Entre las habituales características menores del síndrome de Coffin-Siris se distinguen la microcefalia, dificultades en la alimentación, laxitud en las articulaciones, una talla baja, problemas oculares, afectaciones neurológicas, pérdida auditiva, malformaciones genitourinarias y renales, anomalías cardiacas, escaso cabello e hipertricosis en espalda, brazos y cara. La escoliosis y el retraso psicomotor, por su parte, surgen por vez primera durante la lactancia o la infancia.
¿Cómo se diagnostica el síndrome de Coffin-Siris?
A pesar del esfuerzo médico, esta enfermedad rara carece de criterios clínicos, hasta la fecha, falto de un discernimiento especializado capaz de consolidar y apoyar de una sola sentada el dictamen médico.

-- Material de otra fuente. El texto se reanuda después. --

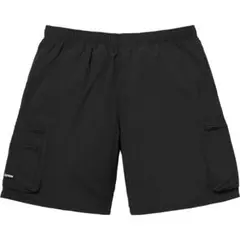新品】Supreme Ripstop Cargo Water Short - メルカリ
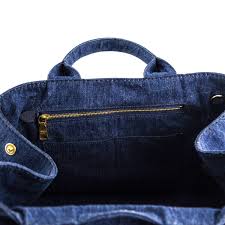 Authentic Designer Handbags Wholesale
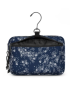 trousse de toilette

La pregunta del millón: ¿cómo se detecta, entonces?
La respuesta es simple: a través de la manifestación de varios signos clínicos mayores y al menos uno menor, es decir, la revelación de alguno de los síntomas que ya hemos señalado anteriormente. Y a través también de un diagnóstico diferencial, donde el especialista recurre a comparar la enfermedad con otros síndromes y, a partir de sus síntomas, ir descartando otras enfermedades, consiguiendo cerrar el cerco del dictamen.
En cualquier caso, la confirmación final de la presencia del síndrome de Coffin-Siris la brinda la realización especialista de pruebas genéticas moleculares, donde se presta atención a los genes causantes de la patología.
Y es que la aplasia o hipoplasia en la uña ha dejado de ser una señal inequívoca de esta enfermedad, como se creía anteriormente, tal y como advierten los estudios más recientes de este trastorno; y lo mismo reza para la hipoplasia o aplasia en la falange distal del dedo meñique, ya que no todas las personas que se adolecen de esta enfermedad acaban desarrollando este rasgo.
¿En qué consiste el tratamiento del síndrome de Coffin-Siris?
El síndrome de Coffin-Siris no tiene cura ni un tratamiento que refrene su progresión. El único paraguas con el que los médicos tratan de resguardar la vida de los pacientes de este trastorno se basa fundamentalmente en echar mano de un tratamiento sintomático y de soporte. ¿Traducción? Que la recomendación médica implica la fisioterapia, la terapia ocupacional y la logopedia, sin descuidar entre medias el sometimiento de pruebas oftalmológicas y audiológicas aplicadas con regularidad. Asimismo, aconsejan llevar un seguimiento constante y firme del desarrollo, por un lado, y de la alimentación, por otra parte.